## TASK INPUTS
-------------------------

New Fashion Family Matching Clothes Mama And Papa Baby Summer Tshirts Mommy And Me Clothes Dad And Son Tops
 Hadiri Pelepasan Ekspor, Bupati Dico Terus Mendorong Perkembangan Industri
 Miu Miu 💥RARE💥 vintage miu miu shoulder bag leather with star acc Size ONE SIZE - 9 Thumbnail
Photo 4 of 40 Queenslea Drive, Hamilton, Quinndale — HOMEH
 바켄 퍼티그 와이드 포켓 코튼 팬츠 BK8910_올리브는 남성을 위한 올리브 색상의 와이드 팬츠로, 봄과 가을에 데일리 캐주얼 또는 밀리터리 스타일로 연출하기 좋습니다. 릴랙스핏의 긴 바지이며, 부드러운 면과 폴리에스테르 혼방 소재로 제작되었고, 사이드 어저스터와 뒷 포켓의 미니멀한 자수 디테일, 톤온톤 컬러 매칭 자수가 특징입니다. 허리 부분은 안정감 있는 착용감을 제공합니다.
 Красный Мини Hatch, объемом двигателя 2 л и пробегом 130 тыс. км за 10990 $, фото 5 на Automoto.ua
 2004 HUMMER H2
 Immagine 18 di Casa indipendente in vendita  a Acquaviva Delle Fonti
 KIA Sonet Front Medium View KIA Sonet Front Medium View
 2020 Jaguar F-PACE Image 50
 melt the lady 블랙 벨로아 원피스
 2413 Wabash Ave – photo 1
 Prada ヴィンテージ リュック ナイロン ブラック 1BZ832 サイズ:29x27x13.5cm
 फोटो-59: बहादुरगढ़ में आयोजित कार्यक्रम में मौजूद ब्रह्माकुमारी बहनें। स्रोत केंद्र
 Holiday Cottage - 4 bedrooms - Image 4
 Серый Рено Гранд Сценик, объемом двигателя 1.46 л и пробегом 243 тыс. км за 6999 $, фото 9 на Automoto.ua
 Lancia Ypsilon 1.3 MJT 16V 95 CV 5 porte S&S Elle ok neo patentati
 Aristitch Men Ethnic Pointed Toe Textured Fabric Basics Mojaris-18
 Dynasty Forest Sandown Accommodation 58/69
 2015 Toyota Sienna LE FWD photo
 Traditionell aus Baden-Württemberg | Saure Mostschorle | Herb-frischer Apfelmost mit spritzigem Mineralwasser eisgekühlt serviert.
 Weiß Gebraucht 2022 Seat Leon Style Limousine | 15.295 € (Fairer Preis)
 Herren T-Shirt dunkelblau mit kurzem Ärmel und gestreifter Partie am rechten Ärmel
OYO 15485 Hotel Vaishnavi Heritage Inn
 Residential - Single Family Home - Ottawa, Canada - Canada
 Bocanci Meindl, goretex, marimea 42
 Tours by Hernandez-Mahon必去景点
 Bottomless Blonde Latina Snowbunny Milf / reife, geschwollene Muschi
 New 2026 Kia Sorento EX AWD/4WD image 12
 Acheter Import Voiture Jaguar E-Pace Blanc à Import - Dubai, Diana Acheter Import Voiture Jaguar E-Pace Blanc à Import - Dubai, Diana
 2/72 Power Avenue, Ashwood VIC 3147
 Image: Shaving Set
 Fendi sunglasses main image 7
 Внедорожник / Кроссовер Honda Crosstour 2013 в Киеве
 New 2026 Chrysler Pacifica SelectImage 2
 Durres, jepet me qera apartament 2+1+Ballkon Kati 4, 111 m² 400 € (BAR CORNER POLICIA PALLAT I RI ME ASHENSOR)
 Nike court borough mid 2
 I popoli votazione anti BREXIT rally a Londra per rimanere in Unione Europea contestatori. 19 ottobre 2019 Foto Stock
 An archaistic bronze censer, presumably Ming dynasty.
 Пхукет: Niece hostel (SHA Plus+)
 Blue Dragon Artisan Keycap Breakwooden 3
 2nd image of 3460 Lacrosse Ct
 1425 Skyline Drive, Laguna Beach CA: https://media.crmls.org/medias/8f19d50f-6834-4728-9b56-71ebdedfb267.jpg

-------------------------

## ASSIGNMENT
The full data, transcribed without change, is the expected answer.

## SOLUTION TO THE EXERCISE
New Fashion Family Matching Clothes Mama And Papa Baby Summer Tshirts Mommy And Me Clothes Dad And Son Tops
 Hadiri Pelepasan Ekspor, Bupati Dico Terus Mendorong Perkembangan Industri
 Miu Miu 💥RARE💥 vintage miu miu shoulder bag leather with star acc Size ONE SIZE - 9 Thumbnail
Photo 4 of 40 Queenslea Drive, Hamilton, Quinndale — HOMEH
 바켄 퍼티그 와이드 포켓 코튼 팬츠 BK8910_올리브는 남성을 위한 올리브 색상의 와이드 팬츠로, 봄과 가을에 데일리 캐주얼 또는 밀리터리 스타일로 연출하기 좋습니다. 릴랙스핏의 긴 바지이며, 부드러운 면과 폴리에스테르 혼방 소재로 제작되었고, 사이드 어저스터와 뒷 포켓의 미니멀한 자수 디테일, 톤온톤 컬러 매칭 자수가 특징입니다. 허리 부분은 안정감 있는 착용감을 제공합니다.
 Красный Мини Hatch, объемом двигателя 2 л и пробегом 130 тыс. км за 10990 $, фото 5 на Automoto.ua
 2004 HUMMER H2
 Immagine 18 di Casa indipendente in vendita  a Acquaviva Delle Fonti
 KIA Sonet Front Medium View KIA Sonet Front Medium View
 2020 Jaguar F-PACE Image 50
 melt the lady 블랙 벨로아 원피스
 2413 Wabash Ave – photo 1
 Prada ヴィンテージ リュック ナイロン ブラック 1BZ832 サイズ:29x27x13.5cm
 फोटो-59: बहादुरगढ़ में आयोजित कार्यक्रम में मौजूद ब्रह्माकुमारी बहनें। स्रोत केंद्र
 Holiday Cottage - 4 bedrooms - Image 4
 Серый Рено Гранд Сценик, объемом двигателя 1.46 л и пробегом 243 тыс. км за 6999 $, фото 9 на Automoto.ua
 Lancia Ypsilon 1.3 MJT 16V 95 CV 5 porte S&S Elle ok neo patentati
 Aristitch Men Ethnic Pointed Toe Textured Fabric Basics Mojaris-18
 Dynasty Forest Sandown Accommodation 58/69
 2015 Toyota Sienna LE FWD photo
 Traditionell aus Baden-Württemberg | Saure Mostschorle | Herb-frischer Apfelmost mit spritzigem Mineralwasser eisgekühlt serviert.
 Weiß Gebraucht 2022 Seat Leon Style Limousine | 15.295 € (Fairer Preis)
 Herren T-Shirt dunkelblau mit kurzem Ärmel und gestreifter Partie am rechten Ärmel
OYO 15485 Hotel Vaishnavi Heritage Inn
 Residential - Single Family Home - Ottawa, Canada - Canada
 Bocanci Meindl, goretex, marimea 42
 Tours by Hernandez-Mahon必去景点
 Bottomless Blonde Latina Snowbunny Milf / reife, geschwollene Muschi
 New 2026 Kia Sorento EX AWD/4WD image 12
 Acheter Import Voiture Jaguar E-Pace Blanc à Import - Dubai, Diana Acheter Import Voiture Jaguar E-Pace Blanc à Import - Dubai, Diana
 2/72 Power Avenue, Ashwood VIC 3147
 Image: Shaving Set
 Fendi sunglasses main image 7
 Внедорожник / Кроссовер Honda Crosstour 2013 в Киеве
 New 2026 Chrysler Pacifica SelectImage 2
 Durres, jepet me qera apartament 2+1+Ballkon Kati 4, 111 m² 400 € (BAR CORNER POLICIA PALLAT I RI ME ASHENSOR)
 Nike court borough mid 2
 I popoli votazione anti BREXIT rally a Londra per rimanere in Unione Europea contestatori. 19 ottobre 2019 Foto Stock
 An archaistic bronze censer, presumably Ming dynasty.
 Пхукет: Niece hostel (SHA Plus+)
 Blue Dragon Artisan Keycap Breakwooden 3
 2nd image of 3460 Lacrosse Ct
 1425 Skyline Drive, Laguna Beach CA: https://media.crmls.org/medias/8f19d50f-6834-4728-9b56-71ebdedfb267.jpg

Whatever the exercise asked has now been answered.